Disclaimer: I do not own Harry Potter or any of his characters.
Hope you enjoy it!
Hum...english is my second language, so please point out the errors so I can correct them.
THE DAILY PROPHET
Yesterday the Wizarding World last scandal shook the Wizengamot.
After the polemic trial just five years ago, The-Boy-Who-Lived sentence had come to an end and an official hearing was being held in an open session at the Wizengamot.

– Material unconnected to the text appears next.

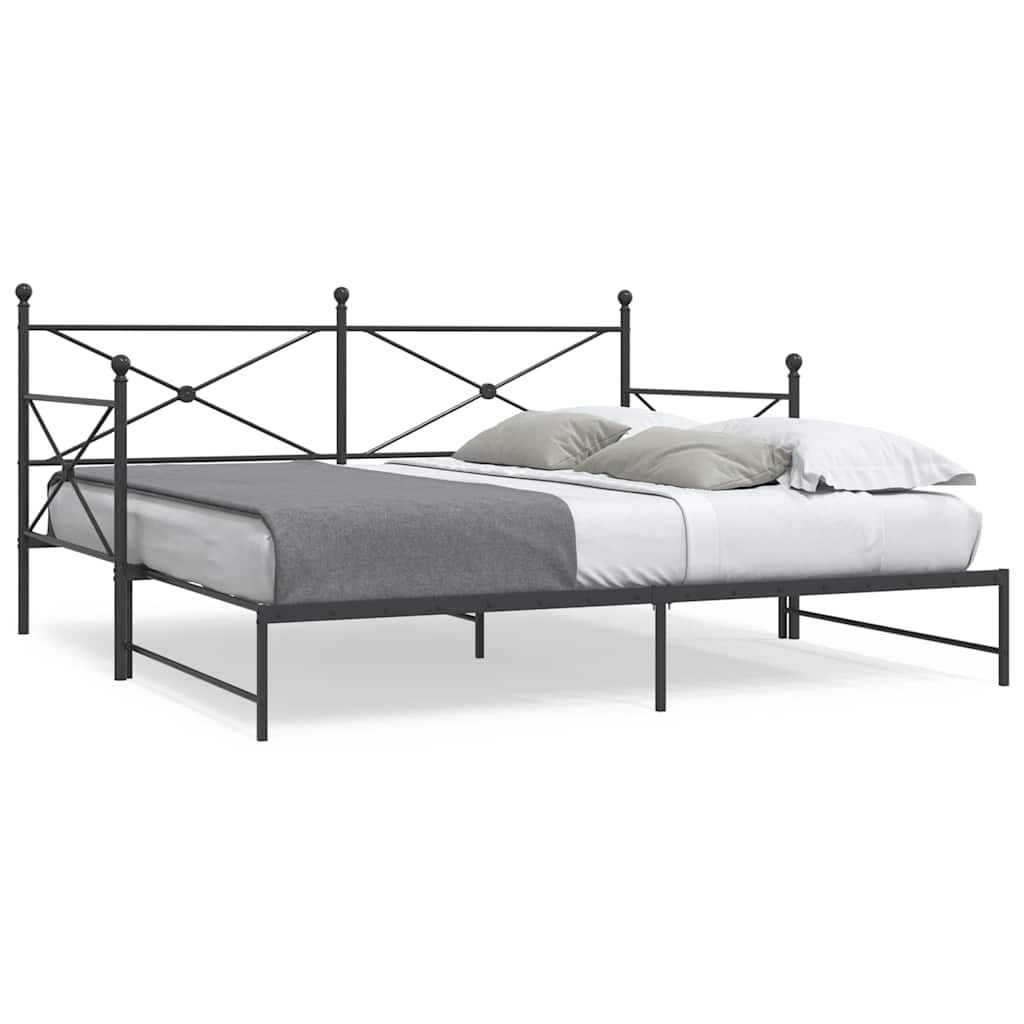 Daybed with Trundle without Mattress Black 107x203 cm Steel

We talked to Hermione Granger, one of Potter's well-known friends, just before the guards from Azkaban arrived. "We are going to give him another opportunity to do the right thing. Forgive and forget, they say, and it may be possible to do at least one of those if Harry returns to his place."
Mr. Potter walked into the room where the session was going to be held, one dementor on each side. He had to be held at times as he dozed off while he walked to the platform on which he would sit. His robes clung loosely onto him, worn out and battered, and through the holes dirty pallid skin and extremely thin arms and legs could be seen. He looked like a small walking skeleton, and it was difficult to believe that he had just celebrated his 19th birthday just two days ago. Behind long wild mud-covered hair haunted green eyes gazed at the crowd.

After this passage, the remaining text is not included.